Hal’s boot camp graduation picture.
Hal’s boot camp graduation picture.

Harold R. “Hal” Long, who served three tours as a Marine in Vietnam, was known as a talented writer and play director when he lived in Tualatin. Those who worked with him knew he was blind but few knew his condition was caused by Agent Orange from when he was in-country.

Hal grew up in a tough town, Detroit. He joined the military before finishing high school. He figured he needed to get out of the Detroit flow before he got into trouble. He had some minor delinquency in his youth but decided on the Marines after being advised he needed to learn discipline. He had enjoyed John Wayne WWII movies; John Wayne on Wake Island, John Wayne in the Philippines, John Wayne with the Flying Tigers and envisioned himself in those roles – being a hero wasn’t too bad. But the main selling point was the GI bill, getting one year of college money for every year served. In 1959, he signed up for two years in the Marines. His service time was uneventful but he did earn his high school diploma. He then completed two years of college but found continuing school to be very expensive.

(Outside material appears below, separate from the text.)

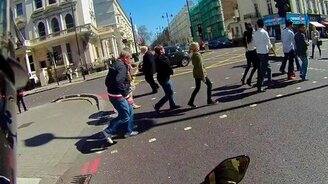 Неравнодушный мотоциклист - смотреть видео (1:56)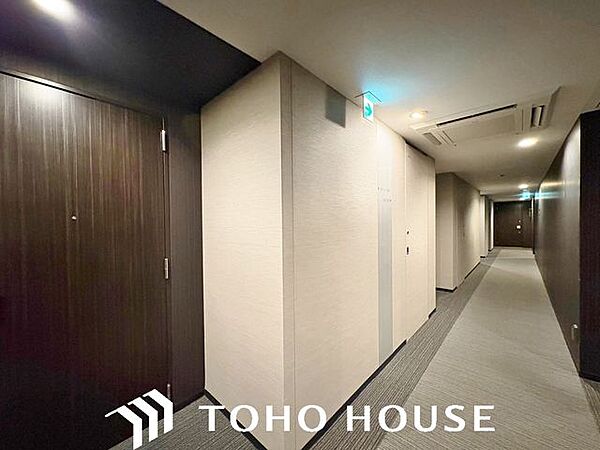 足元をすっきりと見せるシューズボックスが備え付けられた玄関ホール。ご家族の靴をしっかりと収納できるため散らかりにくく、毎日の出入りやゲストの迎え入れを気持ちよく行える実用的な空間です。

Hal bounced around on several different jobs until recruited in 1963 to re-enlist in the Marines for three years and more college money. This time he received intensive combat training. It included a 27-day trek with full gear, i.e a heavy backpack, walking through Death Valley and then scaling the heights of Mount Whitney, the most strenuous accomplishment in his life. He sailed to Vietnam, along with 2700 other Marines, on a troop transport ship that took 37 days. As he recalls, he was seasick, unable to keep food down so spent most of the trip with his head hanging over the side of the ship. Upon arrival, they were assigned as advisers in the Mekong Delta, into four-man teams doing reconnaissance – checking and reporting enemy activity to the South Vietnamese Army, often doing observation from trees. Guns were issued but no bullets. After losing 12 men the first day, ammunition was provided but only for defensive purposes! The Marines found their weapons were not made for jungle warfare – too big and too heavy. Their helmets were too heavy and flack jackets worthless. They discarded every thing they could. After about a week, Hal’s team discovered a cache of Czechoslovakian grease guns which were light and short, much more maneuverable.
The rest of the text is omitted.